EMA tightens up ethical standards to cope with globalisation of clinical trials

Clinical trials used to support European marketing applications will face stricter rules from May.

European regulators will no longer consider trials whose protocol was not first submitted to an independent ethics committee or those conducted without the informed consent of participants.

Trial data will also be disqualified if non-compliance with the rules “significantly affects the rights, safety or well-being of the subjects or the quality and integrity of the data reported”.

The European Medicines Agency (EMA) said the move is part of its strategy to deal with the increasing globalisation of clinical trials, but it also follows pressure from MEPs.

Last year Margrete Auken, Danish Green Party MEP, said Europe should treat unethical clinical trials with the same gravity as organ trafficking and called for companies to be "named and shamed".

The EMA's new final reflection paper on ethical and good clinical practice (GCP) aspects of clinical trials will come into force on May 1, 2012, and aims to ensure clinical trials submitted to it meet the required ethical and GCP standards.

“No matter where you stand today, most clinical trials are being conducted somewhere else in the world, under a different regulatory framework and in a different cultural setting,” the EMA said in a statement.

This means regulators across the world have to rely on the same trial data when deciding whether to approve a new medicine.

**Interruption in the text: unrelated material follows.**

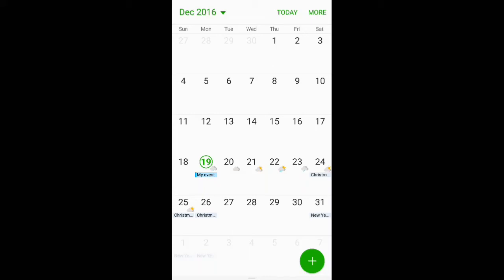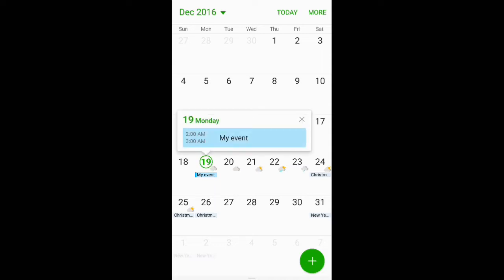In today's video, we're going to show you how to delete calendar appointments on your Samsung Galaxy S7. Let's say when you click on the 19th and it says event 2am to 3am.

Last year around 120,000 clinical trials took place in 178 countries and this globalisation of research has seen China, Russia, India, Brazil, Poland and South Africa emerge as key hubs for pharma studies in recent years.

Trials conducted outside the EU but used in marketing authorisation applications to EU regulatory authorities are expected to meet the same ethical standards as those conducted within Europe.

But a number of high profile cases have called standards into question. Most notable was Pfizer's 1996 trial of its meningitis drug Trovan in Nigeria, in which 11 children died. The pharma company reached an out of court settlement to the case in 2009 and began paying compensation to the families involved last year.

More recently GlaxoSmithKline this year rebuffed claims it acted unethically by failing to secure proper consent from the parents of children enrolled in a study of its pneumococcal vaccine Synflorix in Argentina.

The EMA says it will work towards increasing international cooperation on trial regulation and set out ways regulators can gain assurance that ethical and GCP standards are applied to clinical trials for human medicines, both during the development and during the marketing-authorisation-application phase.

The EMA's reflection paper emphasises the role of independent local ethics committees in the oversight of clinical trials and stresses the importance of obtaining trial subjects' consent.

The paper is endorsed by the EMA's scientific advisory committee the CHMP, the Coordination Group for Mutual Recognition and Decentralised Procedures – Human (CMD-h), the EMA's Management Board and the Heads of EU Medicines Agencies.